Una pálida blancura empezaba a aparecer en el cielo nocturno, anunciando la inminencia del alba. Las nubes comenzaron a separarse, y el esplendor del sol matinal atravesó el espeso mar de niebla.

—¡Está aclarando!

—¡El cielo nos da suerte!

—¡Las condiciones son perfectas!

En lo alto de la montaña, los hombres se pusieron las armaduras y se dividieron en dos grupos. El primero lanzaría un ataque al amanecer contra la fortaleza del enemigo en la montaña, y el otro atacaría Tobigasu.

Los Takeda habían subestimado el peligro, y ahora despertaban gritando llenos de confusión. Los incendios provocados por las fuerzas de Tadatsugu hicieron elevarse una negra humareda desde la fortaleza en la montaña. Los Takeda emprendieron una fuga desordenada hacia Tobigasu, pero por entonces la segunda división de Tadatsugu ya había abierto una brecha en los muros del castillo.

La noche anterior, poco después de la partida de Tadatsugu, todo el ejército de Nobunaga había recibido la orden de avanzar, pero no sería aquél el comienzo de la batalla.

El ejército desafió a la intensa lluvia y avanzó hacia las proximidades del monte Chausu. Desde ese momento hasta el amanecer, los soldados clavaron en el suelo las estacas que llevaban y las unieron con cuerdas para formar una empalizada que parecía un ciempiés serpenteante.

Cuando faltaba poco para el amanecer, Nobunaga inspeccionó las defensas a lomo de caballo. La lluvia había cesado y el tendido de la empalizada estaba completo.

Nobunaga se volvió hacia los generales de Tokugawa y, riendo, les gritó:

—¡Vais a ver! Hoy dejaremos que el ejército de Kai se aproxime y entonces los trataremos como alondras que mudan de pluma.

Los generales lo dudaban e imaginaban que sólo trataba de tranquilizarles. Pero lo que podían ver claramente era que los soldados de Gifu, las tropas que habían acarreado las estacas y cuerdas desde Okazaki, estaban ahora en el campo de batalla, y las treinta mil estacas se habían convertido en una larga y serpenteante empalizada.

—¡Dejemos que vengan las tropas selectas de Kai!
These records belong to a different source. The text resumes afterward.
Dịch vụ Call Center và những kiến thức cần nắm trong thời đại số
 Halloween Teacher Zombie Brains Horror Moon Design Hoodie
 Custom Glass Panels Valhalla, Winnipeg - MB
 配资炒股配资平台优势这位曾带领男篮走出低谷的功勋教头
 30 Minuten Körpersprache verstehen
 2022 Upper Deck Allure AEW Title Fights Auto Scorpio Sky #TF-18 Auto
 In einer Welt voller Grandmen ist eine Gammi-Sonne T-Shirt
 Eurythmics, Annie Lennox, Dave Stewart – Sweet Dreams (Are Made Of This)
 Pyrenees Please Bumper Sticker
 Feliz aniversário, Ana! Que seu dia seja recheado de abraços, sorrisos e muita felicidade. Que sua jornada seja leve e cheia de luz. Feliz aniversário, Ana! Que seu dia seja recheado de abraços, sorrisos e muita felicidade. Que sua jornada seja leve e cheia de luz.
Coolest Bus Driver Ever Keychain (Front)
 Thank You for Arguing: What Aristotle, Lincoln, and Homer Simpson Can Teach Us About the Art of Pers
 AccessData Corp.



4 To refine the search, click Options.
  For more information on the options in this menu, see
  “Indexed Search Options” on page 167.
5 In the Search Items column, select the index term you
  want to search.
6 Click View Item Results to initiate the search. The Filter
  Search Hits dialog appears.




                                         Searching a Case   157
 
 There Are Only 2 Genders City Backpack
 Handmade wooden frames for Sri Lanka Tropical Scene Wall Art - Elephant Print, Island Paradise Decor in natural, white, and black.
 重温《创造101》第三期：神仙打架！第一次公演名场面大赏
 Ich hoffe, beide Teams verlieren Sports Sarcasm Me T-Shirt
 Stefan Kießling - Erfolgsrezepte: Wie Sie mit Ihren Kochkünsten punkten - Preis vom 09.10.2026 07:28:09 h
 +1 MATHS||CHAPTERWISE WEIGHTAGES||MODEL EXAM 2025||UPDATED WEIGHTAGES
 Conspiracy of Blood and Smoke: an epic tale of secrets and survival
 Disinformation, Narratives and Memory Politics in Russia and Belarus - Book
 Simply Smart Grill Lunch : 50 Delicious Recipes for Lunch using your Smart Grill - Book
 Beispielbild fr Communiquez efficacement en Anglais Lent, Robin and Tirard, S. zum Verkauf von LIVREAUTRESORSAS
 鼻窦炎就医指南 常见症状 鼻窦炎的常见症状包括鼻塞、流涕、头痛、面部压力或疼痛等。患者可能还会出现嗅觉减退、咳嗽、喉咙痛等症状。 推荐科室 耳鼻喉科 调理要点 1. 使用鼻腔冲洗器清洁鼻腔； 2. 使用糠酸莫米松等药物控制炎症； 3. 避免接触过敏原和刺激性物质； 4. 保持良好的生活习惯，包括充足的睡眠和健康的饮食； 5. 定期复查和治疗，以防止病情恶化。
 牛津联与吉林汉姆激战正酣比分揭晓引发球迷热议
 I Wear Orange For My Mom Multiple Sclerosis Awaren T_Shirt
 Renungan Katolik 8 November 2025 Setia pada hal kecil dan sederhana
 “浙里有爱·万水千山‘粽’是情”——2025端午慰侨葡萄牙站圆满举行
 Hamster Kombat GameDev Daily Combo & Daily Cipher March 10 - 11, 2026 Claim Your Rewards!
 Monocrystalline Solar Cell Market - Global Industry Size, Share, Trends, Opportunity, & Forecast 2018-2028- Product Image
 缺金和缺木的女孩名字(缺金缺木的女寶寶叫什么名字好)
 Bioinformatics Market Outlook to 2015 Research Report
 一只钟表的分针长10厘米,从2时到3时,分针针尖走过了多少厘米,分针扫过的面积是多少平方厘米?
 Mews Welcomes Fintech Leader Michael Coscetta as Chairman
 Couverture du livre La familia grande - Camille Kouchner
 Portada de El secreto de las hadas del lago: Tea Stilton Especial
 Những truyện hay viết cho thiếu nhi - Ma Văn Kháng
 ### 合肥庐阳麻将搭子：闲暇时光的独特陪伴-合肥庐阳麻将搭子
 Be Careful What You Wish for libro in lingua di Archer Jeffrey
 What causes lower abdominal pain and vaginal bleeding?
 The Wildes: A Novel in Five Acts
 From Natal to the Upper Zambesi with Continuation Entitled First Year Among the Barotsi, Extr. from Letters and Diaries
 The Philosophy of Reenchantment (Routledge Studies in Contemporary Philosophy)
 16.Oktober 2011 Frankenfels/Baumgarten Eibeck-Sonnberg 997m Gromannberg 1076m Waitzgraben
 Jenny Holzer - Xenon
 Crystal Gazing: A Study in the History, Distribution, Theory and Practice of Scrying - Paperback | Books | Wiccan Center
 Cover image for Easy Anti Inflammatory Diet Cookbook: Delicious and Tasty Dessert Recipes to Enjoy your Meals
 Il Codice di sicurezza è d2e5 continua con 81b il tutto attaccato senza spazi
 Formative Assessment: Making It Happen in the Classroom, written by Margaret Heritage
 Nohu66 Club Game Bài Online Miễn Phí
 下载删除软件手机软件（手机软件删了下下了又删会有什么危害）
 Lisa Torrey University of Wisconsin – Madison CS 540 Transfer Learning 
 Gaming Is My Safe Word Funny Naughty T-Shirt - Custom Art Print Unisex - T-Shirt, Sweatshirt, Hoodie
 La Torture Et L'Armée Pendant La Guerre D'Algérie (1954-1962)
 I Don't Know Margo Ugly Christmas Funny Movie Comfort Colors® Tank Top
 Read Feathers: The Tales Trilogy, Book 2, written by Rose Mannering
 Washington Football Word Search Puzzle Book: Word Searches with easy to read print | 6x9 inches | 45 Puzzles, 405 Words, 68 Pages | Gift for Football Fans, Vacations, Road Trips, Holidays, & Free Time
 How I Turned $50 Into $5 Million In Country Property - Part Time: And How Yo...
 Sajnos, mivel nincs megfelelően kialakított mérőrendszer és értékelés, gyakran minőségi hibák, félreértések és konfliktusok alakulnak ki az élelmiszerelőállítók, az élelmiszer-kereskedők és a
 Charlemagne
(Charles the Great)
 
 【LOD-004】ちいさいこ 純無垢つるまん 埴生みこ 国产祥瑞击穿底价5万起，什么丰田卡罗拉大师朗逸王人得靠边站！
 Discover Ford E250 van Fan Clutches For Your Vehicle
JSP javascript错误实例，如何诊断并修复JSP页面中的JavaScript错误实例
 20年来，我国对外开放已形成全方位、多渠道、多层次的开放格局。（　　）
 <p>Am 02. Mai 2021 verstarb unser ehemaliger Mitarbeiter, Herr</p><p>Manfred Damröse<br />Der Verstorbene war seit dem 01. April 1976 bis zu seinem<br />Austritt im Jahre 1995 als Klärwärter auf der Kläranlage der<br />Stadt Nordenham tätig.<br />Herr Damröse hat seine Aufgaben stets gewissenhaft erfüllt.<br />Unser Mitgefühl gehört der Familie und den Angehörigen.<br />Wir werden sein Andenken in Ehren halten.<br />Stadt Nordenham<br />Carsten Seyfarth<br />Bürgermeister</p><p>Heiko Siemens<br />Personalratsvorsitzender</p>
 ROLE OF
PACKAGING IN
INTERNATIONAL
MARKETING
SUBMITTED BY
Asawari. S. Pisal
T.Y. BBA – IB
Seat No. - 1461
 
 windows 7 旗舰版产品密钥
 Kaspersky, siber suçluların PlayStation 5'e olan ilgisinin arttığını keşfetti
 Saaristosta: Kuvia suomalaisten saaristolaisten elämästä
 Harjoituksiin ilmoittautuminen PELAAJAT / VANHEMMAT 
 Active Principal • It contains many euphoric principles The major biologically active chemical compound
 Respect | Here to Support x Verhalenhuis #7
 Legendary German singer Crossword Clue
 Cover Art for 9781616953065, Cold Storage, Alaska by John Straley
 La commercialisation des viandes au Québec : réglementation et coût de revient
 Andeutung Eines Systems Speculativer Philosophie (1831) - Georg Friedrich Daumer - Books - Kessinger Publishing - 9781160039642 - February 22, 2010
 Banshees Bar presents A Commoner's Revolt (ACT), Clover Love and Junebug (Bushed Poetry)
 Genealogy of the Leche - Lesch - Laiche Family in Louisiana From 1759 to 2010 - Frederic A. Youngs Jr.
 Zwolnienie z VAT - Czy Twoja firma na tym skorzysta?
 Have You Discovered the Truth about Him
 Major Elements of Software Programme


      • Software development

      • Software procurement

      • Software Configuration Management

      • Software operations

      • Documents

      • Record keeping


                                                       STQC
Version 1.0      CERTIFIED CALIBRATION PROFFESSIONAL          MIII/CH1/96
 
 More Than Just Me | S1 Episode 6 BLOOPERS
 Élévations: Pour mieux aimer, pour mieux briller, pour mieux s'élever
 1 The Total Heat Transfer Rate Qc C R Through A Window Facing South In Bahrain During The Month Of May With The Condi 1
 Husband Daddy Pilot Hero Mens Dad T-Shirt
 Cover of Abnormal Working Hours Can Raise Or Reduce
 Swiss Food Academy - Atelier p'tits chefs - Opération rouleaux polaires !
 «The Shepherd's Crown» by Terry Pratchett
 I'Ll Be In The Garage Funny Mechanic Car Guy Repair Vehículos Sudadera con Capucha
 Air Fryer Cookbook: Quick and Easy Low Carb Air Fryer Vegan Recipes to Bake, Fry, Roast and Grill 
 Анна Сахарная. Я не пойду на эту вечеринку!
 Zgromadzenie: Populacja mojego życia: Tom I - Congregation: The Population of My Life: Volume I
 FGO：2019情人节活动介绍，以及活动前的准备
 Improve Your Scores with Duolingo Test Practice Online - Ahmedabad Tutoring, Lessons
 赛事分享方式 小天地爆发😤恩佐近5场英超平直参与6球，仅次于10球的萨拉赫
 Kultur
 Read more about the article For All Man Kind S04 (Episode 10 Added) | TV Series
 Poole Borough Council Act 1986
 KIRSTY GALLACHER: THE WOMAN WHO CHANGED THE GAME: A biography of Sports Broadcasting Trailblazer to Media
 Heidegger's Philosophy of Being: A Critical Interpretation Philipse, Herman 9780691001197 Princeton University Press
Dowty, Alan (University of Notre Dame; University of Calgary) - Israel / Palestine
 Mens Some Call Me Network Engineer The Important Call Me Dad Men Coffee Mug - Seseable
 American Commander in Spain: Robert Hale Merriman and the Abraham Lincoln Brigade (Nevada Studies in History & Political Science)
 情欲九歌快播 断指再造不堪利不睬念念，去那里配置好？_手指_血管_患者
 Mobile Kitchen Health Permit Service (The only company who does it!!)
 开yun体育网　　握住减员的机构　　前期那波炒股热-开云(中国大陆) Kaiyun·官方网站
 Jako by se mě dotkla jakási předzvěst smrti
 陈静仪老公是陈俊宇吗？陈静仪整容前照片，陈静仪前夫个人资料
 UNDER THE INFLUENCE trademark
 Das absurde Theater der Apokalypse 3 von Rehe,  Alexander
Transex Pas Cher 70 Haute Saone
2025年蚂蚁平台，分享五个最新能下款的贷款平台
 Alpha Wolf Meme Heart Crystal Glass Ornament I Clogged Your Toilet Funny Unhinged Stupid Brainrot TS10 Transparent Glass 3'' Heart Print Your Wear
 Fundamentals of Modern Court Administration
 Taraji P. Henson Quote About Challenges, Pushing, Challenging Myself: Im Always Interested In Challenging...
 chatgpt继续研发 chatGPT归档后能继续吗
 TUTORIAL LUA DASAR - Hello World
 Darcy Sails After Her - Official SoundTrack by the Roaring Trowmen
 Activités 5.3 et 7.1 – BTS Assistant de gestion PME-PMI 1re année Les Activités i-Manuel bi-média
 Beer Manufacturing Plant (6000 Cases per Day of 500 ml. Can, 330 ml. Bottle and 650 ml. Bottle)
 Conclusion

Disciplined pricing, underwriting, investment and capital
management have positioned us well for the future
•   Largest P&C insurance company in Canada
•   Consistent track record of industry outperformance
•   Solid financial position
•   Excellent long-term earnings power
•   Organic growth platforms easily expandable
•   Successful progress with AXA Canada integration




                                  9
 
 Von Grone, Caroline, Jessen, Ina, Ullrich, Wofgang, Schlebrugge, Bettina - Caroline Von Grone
Sin embargo, la misma construcción no podía utilizarse para atacar al enemigo, y a fin de aniquilarlo como Nobunaga había descrito, tendrían que atraerlo hacia la empalizada. Para tentarle, enviaron fuera de la empalizada una de las unidades de Sakuma Nobumori y los mosqueteros de Okubo Tadayo que esperarían al enemigo.

De repente un coro de voces se alzó hacia el cielo. Los Takeda no se habían precavido lo suficiente y lanzaban gritos de consternación al ver la negra humareda que se alzaba por la dirección de Tobigasu a su espalda.

—¡El enemigo también está detrás de nosotros!

—¡Intentan presionar por la retaguardia!

Cuando su agitación empezaba a transformarse en pánico, Katsuyori dio la orden de atacar.

—¡No os retraséis ni un momento! ¡Esperar al enemigo sólo servirá para darle la ventaja!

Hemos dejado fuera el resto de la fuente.